Che tipo di rapporti avrà con il successore di Rucker, che avrà un differente mandato rispetto a quello dell’attuale capo missione Unmik?
Devo essere molto conciso su questo punto, visto che istruzioni in questo senso non sono ancora arrivate. Non dimentichiamo che la situazione sarà discussa all’interno del Consiglio di Sicurezza e che a breve il Segretario Generale dell’Onu sarà più preciso sul futuro ruolo del suo Rappresentante Speciale.
Ma quale sarà l’autorità al comando, qui in Kosovo? Non è una domanda complicata, ma la risposta sembra tutt’altro che semplice…
Sì, la questione è complessa. Ripeto che, dopo il 15 giugno, l’autorità viene esercitata dal governo kosovaro, nonostante il permanere della comunità internazionale. Come International Civilian Representative, insieme al mio staff, provvederò a sostenere e a consigliare il governo sull’implementazione del pacchetto Ahtisaari. Anche l’Onu continuerà a svolgere delle funzioni di grande utilità: monitorerà la situazione in Kosovo e probabilmente aiuterà il giovane stato nelle sue relazioni con l’esterno. Dico probabilmente, perché un accordo su queste materie deve ancora essere trovato. Si tratterà comunque di un campo d’azione molto limitato.
A partire dalle informazioni oggi disponibili, nel Kosovo settentrionale l’Unmik continuerà ad amministrare le funzioni di polizia e giustizia, visto che Eulex non è accettata dalla popolazione serba. Stiamo andando nella direzione di due missioni, una per gli albanesi e l’altra per i serbi?
All’inizio l’impressione potrebbe essere questa, ma gradualmente Eulex assumerà responsabilità operative in tutto il Kosovo, anche nella sua parte settentrionale. Nel giro di due o tre mesi Eulex sarà in piena capacità operativa.
Ma c’è un piano operativo? Forse la domanda dovrebbe essere rivolta al generale De Kermabon, ma il problema si pone anche per l’ICO, che ha un ufficio a Mitrovica sud, ma non a nord dell’Ibar. Come superare questa impasse?
Effettivamente dovrebbe essere De Kermabon a rispondere. Comunque, anche l’ICO (International Civilian Office) ha l’ambizione di sviluppare la propria missione anche a nord di Mitrovica. Abbiamo i nostri contatti in quell’area, e riteniamo che nei prossimi mesi saremo in grado di essere attivi anche lì.
I serbi sembrano però prendere delle posizioni sempre più rigide, non vogliono prendere parte a questo processo. Belgrado si oppone ad ogni proposta, mentre le strutture parallele sono state rafforzate dopo la proclamazione di indipendenza. Pensa che uno scenario ottimistico sia anche reale?

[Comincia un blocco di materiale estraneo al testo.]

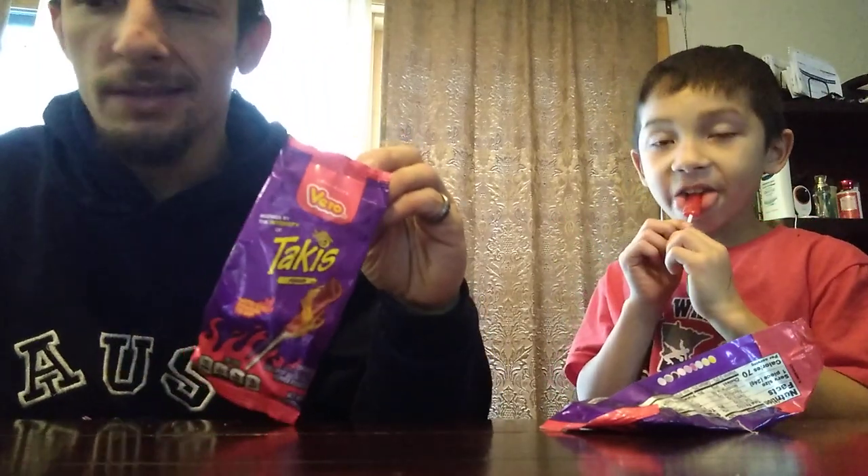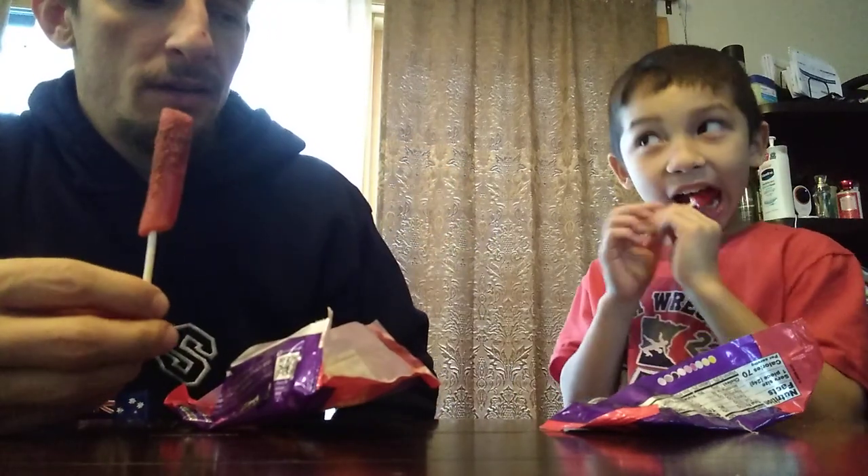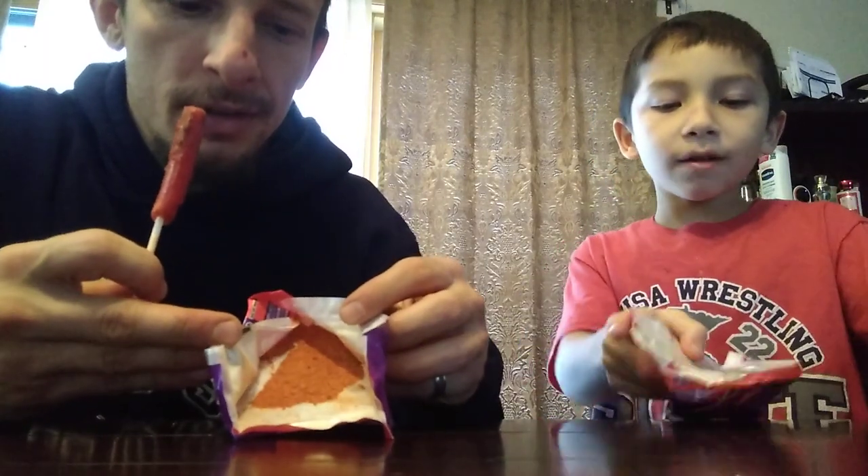We got the Takis suckers and we got a big bag. They had a bunch of individually wrapped ones, and then inside the wrapper there's powder — you can dip it in. It's really sour. It's like tahin, and then once you get all the tahin off the sucker, it's kind of spicy.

Aspettiamo di vedere le reazioni di Belgrado alle proposte del Segretario Generale. Queste contribuiranno sicuramente a chiarire la situazione. Il Segretario Generale ha riconosciuto una nuova realtà in Kosovo, e nuove opportunità per il governo kosovaro. Con la nuova presa di posizione ci saranno forse elementi di novità anche per Belgrado. Chiaramente, c’è il bisogno di superare la sfiducia dei serbi del Kosovo, ma sono convinto che la cornice loro offerta col piano Ahtisaari sia la migliore tra quelle possibili. Il governo del Kosovo è molto impegnato in questa direzione, e io spero che questo processo possa portare ad un pieno spiegamento della missione europea sull’intero territorio kosovaro.
Oltre a costruire strutture parallele, i serbi hanno tenuto anche elezioni amministrative, dichiarate illegittime. Esiste la possibilità di negoziare con i rappresentanti eletti in queste consultazioni e di raggiungere con loro un qualche compromesso nel futuro?

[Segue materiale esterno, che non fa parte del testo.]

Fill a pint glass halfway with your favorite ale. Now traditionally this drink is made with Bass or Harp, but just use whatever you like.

Su questo tema esiste un altro punto di incertezza, che è relativo alla formazione del nuovo governo a Belgrado. Continuiamo a sperare che la Serbia avrà presto un governo di ispirazione fondamentalmente pro-europea, e sarà compito proprio di questo governo di scegliere se instaurare presto un nuovo clima di dialogo con la comunità internazionale e forse, tra non molto, anche con Pristina.
Il ruolo dell’ICO è quello di supervisione del piano Ahtisaari, un piano che i serbi del Kosovo non hanno accettato, e che non parteciperanno ad implementare. Accetterete un’implementazione solo parziale del piano?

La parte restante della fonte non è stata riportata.